Covid-19 outbreak: Lawyers in Mumbai permitted to travel on local trains to attend hearing in Bombay high courtUpdated: Sep 16, 2020 00:51 IST
The Bombay high court (HC) on Tuesday directed the railways and state authorities to permit those advocates who have been issued letters by the court, to travel by local trains to reach HC to attend physical hearings in their matters.
The initiative will be undertaken on an experimental basis for two weeks from September 18 till October 7.
HC said that based on the outcome of the initiative, the relaxation would be considered for advocates from lower courts, too. The court has also directed the Bar Council of Maharashtra and Goa to take action against lawyers who misuse the facility.
The bench of chief justice Dipankar Datta and justice GS Kulkarni, while hearing a public interest litigation (PIL) filed by Chirag Chanani and other lawyers through advocate Shyam Dewani, and another plea through advocate Uday Warunjikar, was informed that advocates were unable to attend the limited physical hearings in HC, as they were not permitted to travel by local trains.
The permission for train travel has been restricted to state, municipal and health staffers and others in essential services owing to the Covid-19 outbreak.

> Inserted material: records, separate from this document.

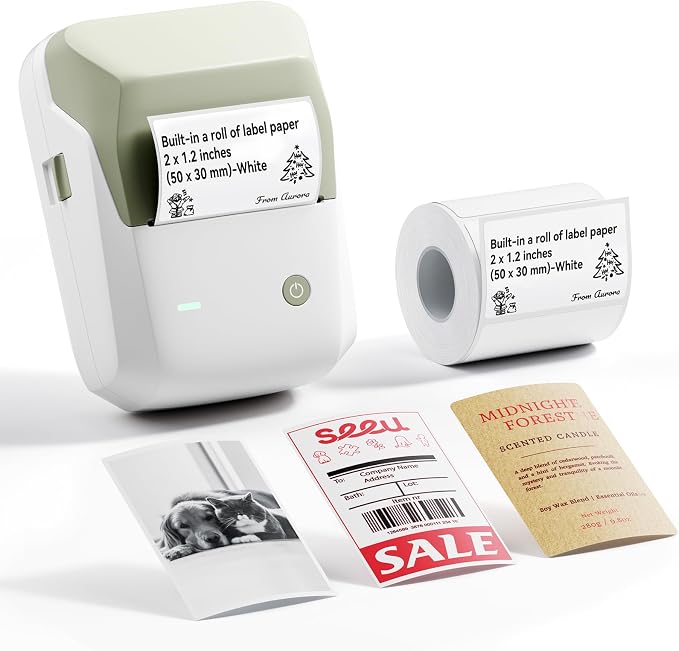 NIIMBOT B1Pro Label Maker, 300DPI HD Sticker Printer for Photo, Green | Red&Black Dual-Color Label Printer for Stores, Small Business, Built-in a Roll of Label(2 x 1.2 inches-White)
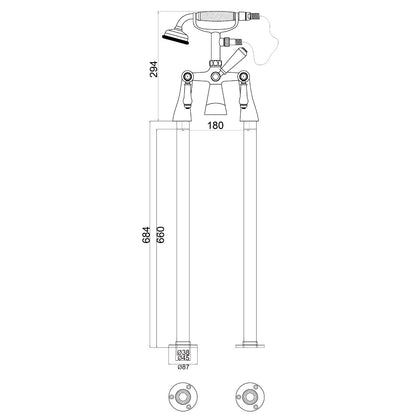 Fairford Cambridge Quarter Turn Freestanding Bath Shower Mixer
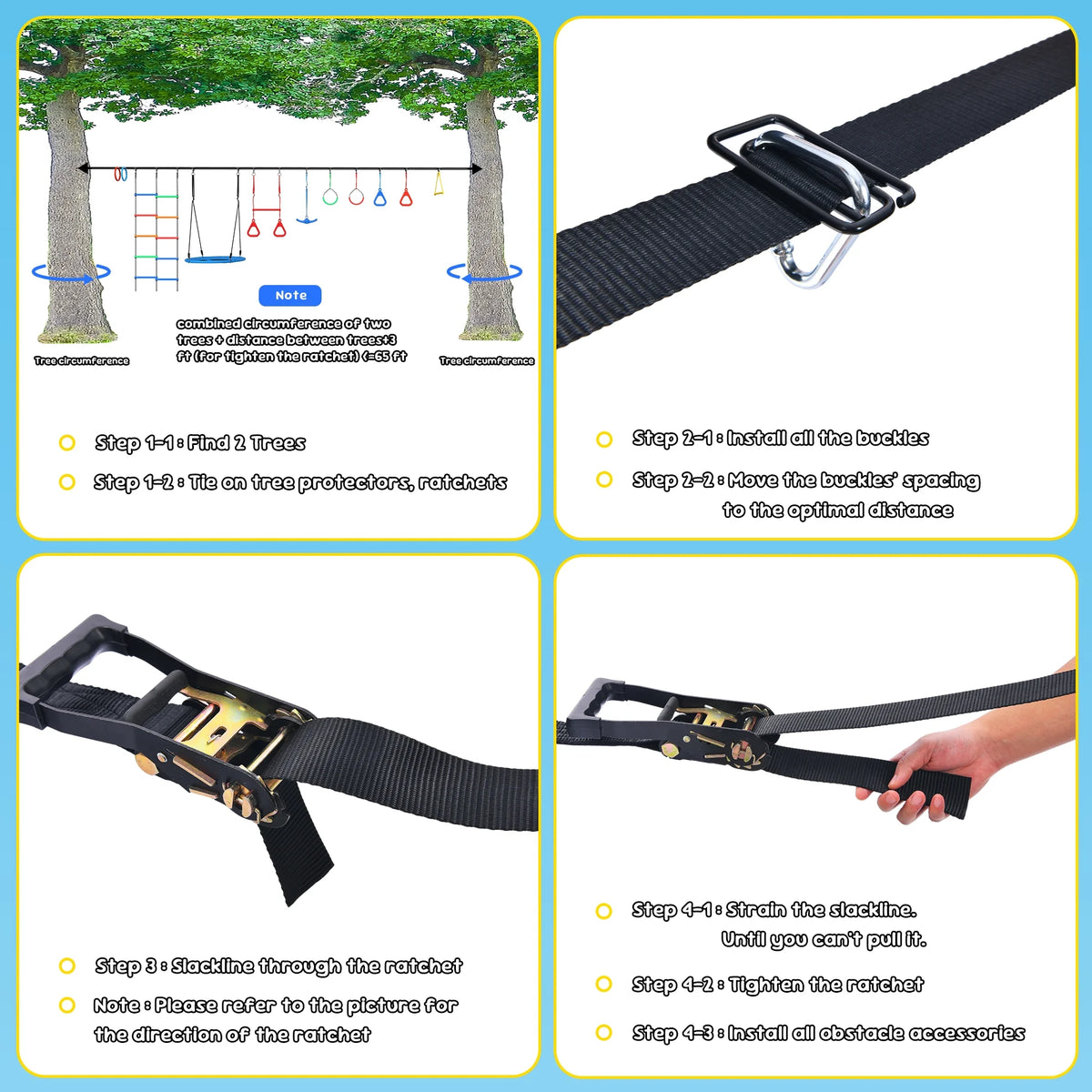 KloKick 65ft Ninja Warrior Obstacle Course for Kids – Outdoor Backyard Set with Swing, Ninja Rope, 11 Obstacles, Slackline, Jungle Gym for Tree Installation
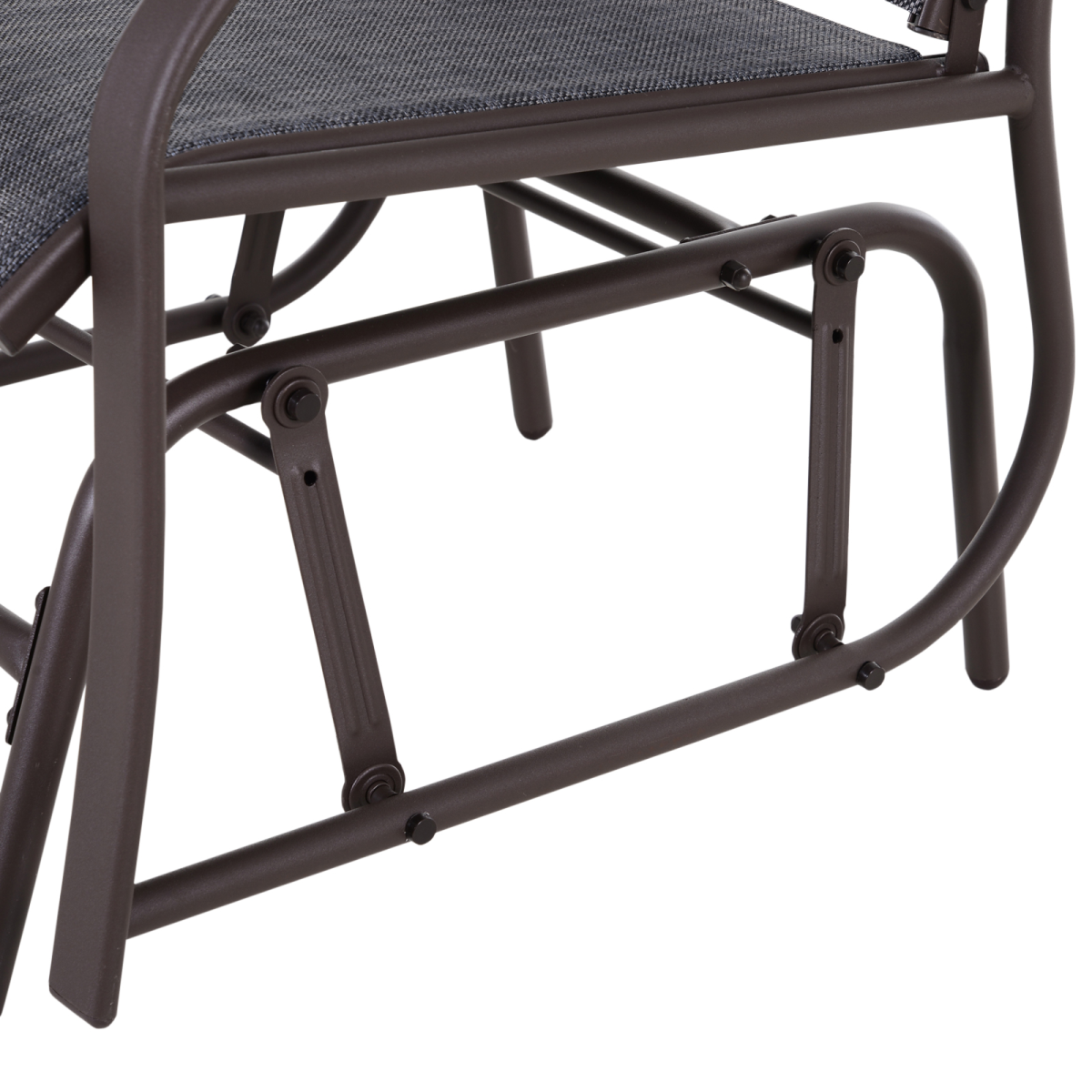 Outsunny 3-Piece Outdoor Glider Rocking Chair Set with Table, Steel Frame, Grey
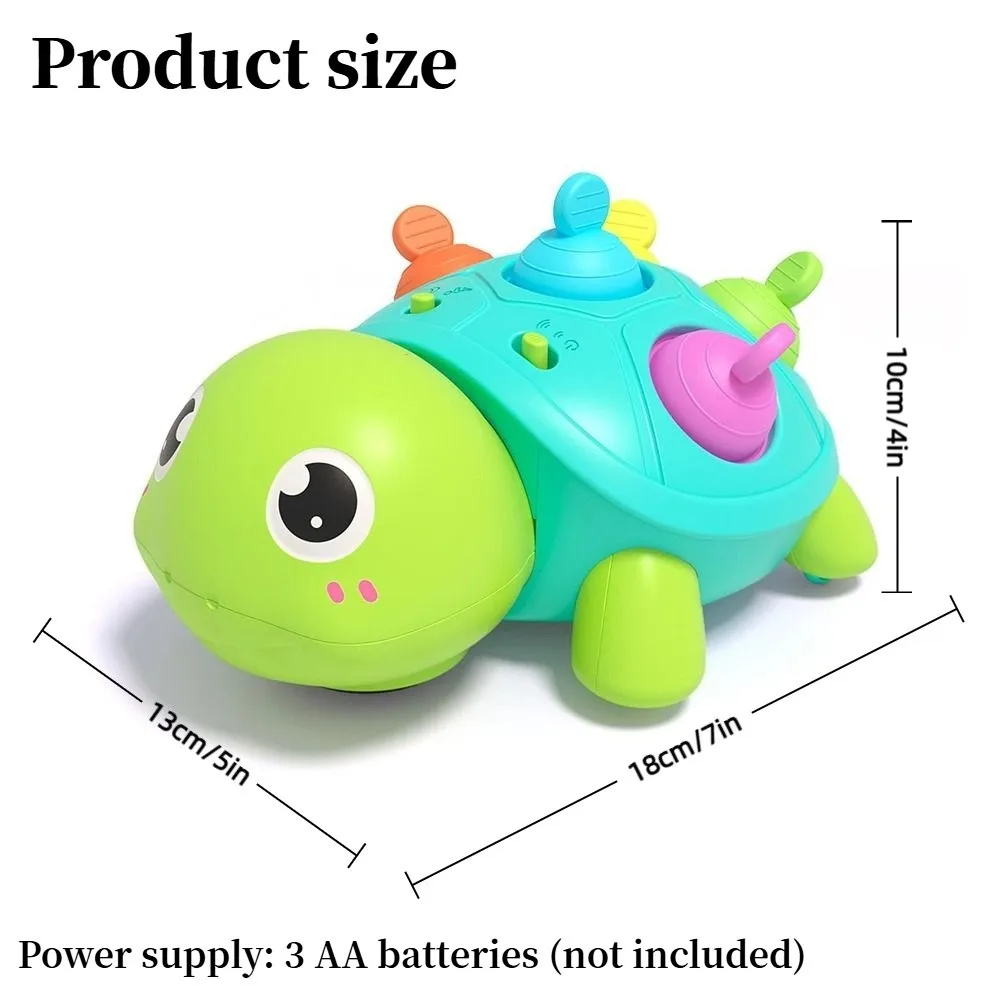 Tortue musicale rampante pour bébé, jouets Montessori lumineux pour bébé, apprentissage sensoriel, sons apaisants, jouet tortue musicale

In the previous hearing on September 10, the bench had directed the state and railways to consider starting an initiative in which lawyers with letters of certification from the HC’s registry could be allowed to travel on locals to attend physical hearings or visit their offices.
On Tuesday, advocate general Ashutosh Kumbhakoni for the state and additional solicitor general Anil Singh for the railways informed the bench that they were agreeable for travel arrangement for lawyers on experimental basis.
Kumbhakoni placed on record a note, setting out the arrangement that can be made for lawyers who are required to attend physical hearings in their matters.
As part of the procedure, such advocates will have to apply to the HC registrar, who will scrutinise and issue certificates. The advocates will then have to show the same to the railway authorities, so that they may be issued a pass or a ticket for the particular date of physical hearing.
Kumbhakoni’s suggested that if the system worked, it could be applied for trial court advocates too. The court said that though it was not inclined to grant similar relief to trial court lawyers immediately, it would consider the suggestion during the next hearing on October 6.